Une représentation théâtrale n’est pas comme une séance de psychanalyse collective… et pourtant… Je m’y sens quelquefois porté. Ce fut le cas avec la mise en scène de l’œuvre de Leonora Miano. « Red in Blue Trilogie. Tombeau ». J’emmène les spectateurs vers une introspection. Ce spectacle est une rencontre entre une auteure et un metteur en scène dont l’épanchement convoque les consciences sur « l’affaire non classée » de la Traite Transatlantique. La traite négrière transatlantique n’a jamais été traitée du point de vue des victimes. « Tombeau » de Léonora Miano est une proposition de texte théâtrale, « Parole Portée et Adressée », support idéal pour raviver les mémoires, créer une passerelle entre les différentes péripéties ainsi qu’un dialogue avec l’histoire.
L’évocation de la mémoire de l’esclavage serait incomplète si elle n’intègre pas une problématique rarement évoquée, laquelle se trouve au cœur de l’œuvre de Léonora Miano, « Tombeau : Les trépassés de la traversée » dont les ossements jonchent le fond des océans et qui par conséquent n’ont jamais pu avoir une sépulture. Ce qui d’un point de vue de la spiritualité africaine est une interpellation lourde de conséquence. L’océan renferme pour ainsi dire, une part de nos douloureuses mémoires. Il y a là comme une requête qui vient du fond des océans. 

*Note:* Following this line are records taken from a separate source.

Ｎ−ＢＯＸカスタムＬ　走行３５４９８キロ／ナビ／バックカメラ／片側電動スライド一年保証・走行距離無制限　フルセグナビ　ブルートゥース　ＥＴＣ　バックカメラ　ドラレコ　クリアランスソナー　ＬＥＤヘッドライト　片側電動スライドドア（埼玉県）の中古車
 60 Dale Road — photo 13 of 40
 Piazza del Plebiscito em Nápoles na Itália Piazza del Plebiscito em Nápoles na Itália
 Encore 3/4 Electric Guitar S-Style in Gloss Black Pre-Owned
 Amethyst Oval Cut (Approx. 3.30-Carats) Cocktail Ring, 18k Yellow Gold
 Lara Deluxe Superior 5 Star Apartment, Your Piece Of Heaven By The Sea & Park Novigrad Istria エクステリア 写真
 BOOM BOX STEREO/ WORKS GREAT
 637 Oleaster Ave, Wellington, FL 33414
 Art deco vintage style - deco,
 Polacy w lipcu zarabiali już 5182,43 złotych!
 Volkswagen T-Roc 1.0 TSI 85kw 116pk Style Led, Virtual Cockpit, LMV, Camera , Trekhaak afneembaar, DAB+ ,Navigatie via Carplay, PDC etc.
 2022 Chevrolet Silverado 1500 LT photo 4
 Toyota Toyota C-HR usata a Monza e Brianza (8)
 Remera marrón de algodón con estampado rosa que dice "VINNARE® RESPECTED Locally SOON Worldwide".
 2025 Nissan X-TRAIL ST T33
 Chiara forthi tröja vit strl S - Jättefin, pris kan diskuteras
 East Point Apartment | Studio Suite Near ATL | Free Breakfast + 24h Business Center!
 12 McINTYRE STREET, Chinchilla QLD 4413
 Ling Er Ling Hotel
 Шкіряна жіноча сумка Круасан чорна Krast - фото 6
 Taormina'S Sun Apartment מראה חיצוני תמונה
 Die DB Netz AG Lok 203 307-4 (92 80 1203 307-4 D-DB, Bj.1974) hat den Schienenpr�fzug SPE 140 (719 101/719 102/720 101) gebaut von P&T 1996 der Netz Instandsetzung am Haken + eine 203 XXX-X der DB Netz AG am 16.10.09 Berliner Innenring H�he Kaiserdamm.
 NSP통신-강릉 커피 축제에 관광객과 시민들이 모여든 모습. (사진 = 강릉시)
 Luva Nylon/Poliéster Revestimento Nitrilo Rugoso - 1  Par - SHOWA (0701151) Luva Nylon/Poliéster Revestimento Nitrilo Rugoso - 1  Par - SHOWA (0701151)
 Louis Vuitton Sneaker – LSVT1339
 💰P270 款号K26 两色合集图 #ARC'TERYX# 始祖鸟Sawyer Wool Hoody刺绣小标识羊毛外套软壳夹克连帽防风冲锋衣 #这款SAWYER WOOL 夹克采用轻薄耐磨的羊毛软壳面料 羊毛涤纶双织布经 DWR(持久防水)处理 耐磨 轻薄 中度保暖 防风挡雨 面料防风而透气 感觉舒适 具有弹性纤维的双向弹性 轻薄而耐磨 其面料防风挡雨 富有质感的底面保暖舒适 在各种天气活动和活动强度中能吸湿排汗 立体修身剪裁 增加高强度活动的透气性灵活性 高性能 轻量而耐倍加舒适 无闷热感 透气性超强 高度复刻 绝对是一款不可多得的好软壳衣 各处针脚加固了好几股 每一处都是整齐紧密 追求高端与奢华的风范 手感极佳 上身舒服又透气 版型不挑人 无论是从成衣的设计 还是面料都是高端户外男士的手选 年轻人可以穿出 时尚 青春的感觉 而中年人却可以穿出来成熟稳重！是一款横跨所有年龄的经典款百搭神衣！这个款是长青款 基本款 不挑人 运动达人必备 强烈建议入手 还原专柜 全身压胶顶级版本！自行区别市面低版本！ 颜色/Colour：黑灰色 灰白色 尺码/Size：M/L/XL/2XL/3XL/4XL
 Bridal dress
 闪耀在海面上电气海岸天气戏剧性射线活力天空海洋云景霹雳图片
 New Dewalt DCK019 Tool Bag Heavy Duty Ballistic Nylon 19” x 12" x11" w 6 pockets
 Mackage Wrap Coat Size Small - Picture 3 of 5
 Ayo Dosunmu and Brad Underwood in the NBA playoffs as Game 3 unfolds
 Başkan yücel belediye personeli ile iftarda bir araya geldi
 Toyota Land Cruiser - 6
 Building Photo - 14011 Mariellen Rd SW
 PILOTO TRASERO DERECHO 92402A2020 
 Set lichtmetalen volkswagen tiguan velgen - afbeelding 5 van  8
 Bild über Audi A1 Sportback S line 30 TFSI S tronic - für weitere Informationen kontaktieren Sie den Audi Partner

Qu’est-ce qui a motivé votre choix de mettre en scène « Tombeau » de Leonora Miano?
Cette pièce, « Tombeau », fait partie d’une trilogie, en fait il s’agit d’un texte en trois épisodes écrit par Leonora Miano. J’ai eu le déclic en 2015 lorsque j’en ai écouté des extraits pendant le festival d’Avignon. La thématique était d’une force et d’une telle originalité. C’est une accroche, la nouvelle lecture de l’histoire de la traite transatlantique. Je me suis dit que le jour que je tombe sur ce texte, il fera l’objet de ma prochaine création. Quand j’ai mis la main sur le texte en juin 2016, un peu comme Leonora, j’ai pensé que la douloureuse histoire de la traite transatlantique ne peut pas être considérée comme une affaire classée. Cette question ne s’est jamais posée du point de vue des victimes. La plupart des descendants n’ont pas vécu dans leur chair de manière vive cette traite. Leonora a cet avantage de poser véritablement la question, et ceci d’une manière très actuelle. 

Quand elle a été présentée en 2017, comment avez-vous abordé la mise en scène de cette pièce proposant un sujet toujours d’actualité ? 
J’ai voulu faire une mise en scène proche du théâtre documentaire, assez voisin du théâtre forum. La configuration scénique lors du conseil où se décide l’acceptation ou non du mort est telle que les comédiens sont dos au public. C’est le conseil de tout un continent. Cette décision se prend au nom symbolique du continent. Cette porte qu’on trouve au début de la scène, est l’élément scénographique central. Partout où il y a eu déportation, on a une porte de non-retour, qu’elle soit vraie ou symbolique. La pièce s’adapte parfaitement à l’esprit voulu pour le projet « Mémoires libérées », libérées du déni et de l’oubli. L’Afrique doit un jour, sur le plan anthropologique et spirituel, faire le deuil de ses enfants morts, en leur érigeant un tombeau symbolique.